The Computational Fluid Dynamics Revolution Driven by GPU Acceleration

When a technology reaches the required level of maturity, adoption transitions from those considered visionaries to early majority adopters. Now is such a critical and transitional moment for the largest single segment of industrial high-performance computing (HPC).

The end of 2021 and beginning of 2022 saw the two largest commercial computational fluid dynamics (CFD) tool vendors, Ansys and Siemens, both launch versions of their flagship CFD tools with support for GPU acceleration. This fact alone is enough proof to show the new age of CFD has arrived.

Evolution of engineering applications for CFD

The past decade saw a wider adoption of CFD as a critical tool for engineers and equipment designers to study or predict the behavior of their designs. However CFD isn’t only an analysis tool, it is now used to make design improvements without having to resort to time-consuming and expensive physical testing for every design/operation point that is being evaluated. This ubiquity is part of why there are so many CFD tools, commercial, and open-source software available today.

The growing need for accuracy in simulations to help minimize testing led to the incorporation of multi-physics capabilities into CFD tools, such as the inclusion of heat transfer, mass transfer, chemical reactions, particulate flows, and more. The other reason for the growth of CFD tools is the fact that capturing all the relevant physics for every type of use case within a single tool is time-consuming to build and validate.

For instance, in the use case of vehicle aerodynamics, a digital wind tunnel can be used to study and evaluate the flow over the geometry and to evaluate the drag produced by the designed surface which has direct implications on vehicle performance. Depending on the intended purpose of the simulation, users get to pick if they want to run a steady or a transient simulation using the traditional Navier-Stokes formulation for fluid flow or use alternative frameworks like the lattice Boltzmann method.

Even within the realm of Navier-Stokes solutions, one has a variety of turbulence models and methodologies, such as what scales are resolved and what are modeled, to choose from for the simulations. The complexity in the model quickly grows when additional physics are considered when making design choices, such as studying automotive aeroacoustics which has an influence on customer perception, passenger safety and comfort, or studying road vehicle platooning.

All the tools used for modeling different flow situations take a staggering amount of compute processing power. As organizations are starting to incorporate CFD earlier on in their design cycles, while simultaneously growing the complexity of their models, both in terms of model size and representative physics, to increase the fidelity of the simulations – the industry has reached a tipping point.

Parallelism equates with performance

It is no longer uncommon for a single simulation to require thousands of CPU core hours to provide a result, and a single design product can require 10,000 to 1,000,000 simulations or more.

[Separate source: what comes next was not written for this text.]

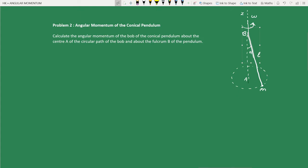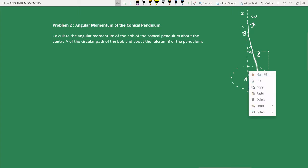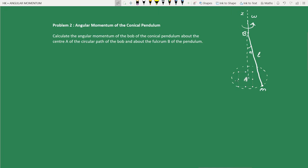At one instant of the rotation, the conical pendulum makes an angle alpha with the vertical Z-axis. We want to calculate the angular momentum of the bob about two reference points: point A, which is the center of the circular path traced by the bob in the x-y plane, and point B, which is the fulcrum of the second rod.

Just recently, an NVIDIA partner, Resolved Analytics, published a survey on CFD users and tools. One of the statistics shown is the commonly-used levels of parallelism by CFD users today. In CFD, parallel execution refers to dividing the domain or grid into sub-grids and assigning a processing unit to each sub-grid. At each numerical iteration, the sub-grids communicate boundary information with the adjacent sub-grids and the CFD solution advances toward convergence.

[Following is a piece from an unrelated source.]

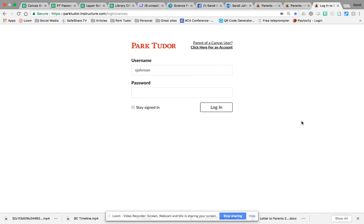Hi parents, I have created a short video to help you set up your parent observer account in Canvas so that you can check in with your kids and see how they're doing.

The survey finishes with the conclusion that hardware and software costs continue to limit the parallelization of CFD.

Donut chart shows that only 12% use more than 256 processors. — Figure 1. *Resolved Analytics survey of CFD users*

Resolved Analytics surveyed CFD users and found that the overwhelming majority are using fewer than 257 processors, impacting parallel programming capacity:

25% of CFD users use less than nine processors.
34% use 9-32 processors.
29% use 33-256 processors.
8% use 257-1,028 processors.
4% use more than 1,028 processors.

Another way to think about this is that parallelism equates to performance and runtime equates to minimization. Meaning, you could push performance farther than you do today if you were not limited by hardware and software licenses.

Getting to higher levels of performance is the right thing to do, because it optimizes the most expensive resource: engineer and researcher time. Often skilled personnel time can be 5–10x the cost of the next most expensive resource, which is software licenses or computing hardware. Logic dictates allocating funding to remove bottlenecks caused by these lower-cost resources.

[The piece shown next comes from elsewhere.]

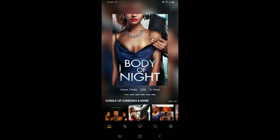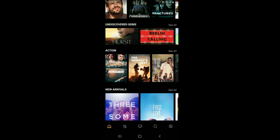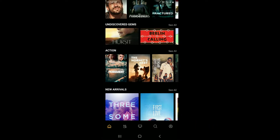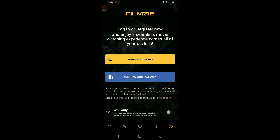Once you load up the Filmz application, you will end up on the main home page. From the main home page, go ahead and tap on your profile picture at the bottom right-hand corner. You can then log in or register for your account.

Another NVIDIA partner, Rescale, stated this perspective in a similar way:

Most HPC economic models ignore engineering time or engineering productivity, and it is the most valuable and expensive resource that needs to be optimized first. Assuring that hardware and software assets keep researchers generating IP at a maximum rate is the most rational way to treat the core value generators of an organization.

NVIDIA is pleased to share with the CFD user community that the hardware limitation is lifting. Recently, the two most popular CFD tools—Simcenter STAR-CCM+ from Siemens Digital Industries Software and Ansys Fluent—have made available software versions to help support specific physics. Those physics simulations can take significant advantage of the extreme speed of accelerated GPU computing.

At the time of this post, the Simcenter STAR-CCM+ 2022.1 GPU-accelerated version is generally available, currently supporting vehicle external aerodynamics applications for steady and unsteady simulations. The Ansys Fluent release is currently in public beta.

Bar chart shows that NVIDIA A100 (eight GPUs) have a 20.2x speedup with Simcenter STAR-CCM+ 2022.1 over the AMD EPYC 7763 and the Intel Platinum 8380. — Figure 2. Simcenter STAR-CCM+ 2022.1 performance for model LeMans 104M on GPUs in comparison to CPU-only execution shows the top performing platform, with 20x higher speed, is the NVIDIA A100 PCIe 80GB.

Figure 2 shows the performance of the first release of Simcenter STAR-CCM+ 2022.1 against commonly available CPU-only servers. For the tested benchmark, an NVIDIA GPU-equipped server delivers results almost 20x faster than over 100 cores of CPU.

The AMD EPYC 7763 achieved 10% speedup of 1.1x, compared to the NVIDIA V100 (six GPUs) with a 9.6x speedup, NVIDIA V100 (eight GPUs) with a 12.4x speedup, NVIDIA A100 (six GPUs) with a 15.9x speedup, and NVIDIA A100 (eight GPUs) with a 20.2x speedup.

To put that into more practical terms, this means a simulation that takes a full day on a CPU server could be done in a little over an hour with a single node and eight NVIDIA A100 GPUs.

With the Simcenter STAR-CCM+ team continuing to work on improving and optimizing their GPU offering, you can expect even better performance in upcoming releases.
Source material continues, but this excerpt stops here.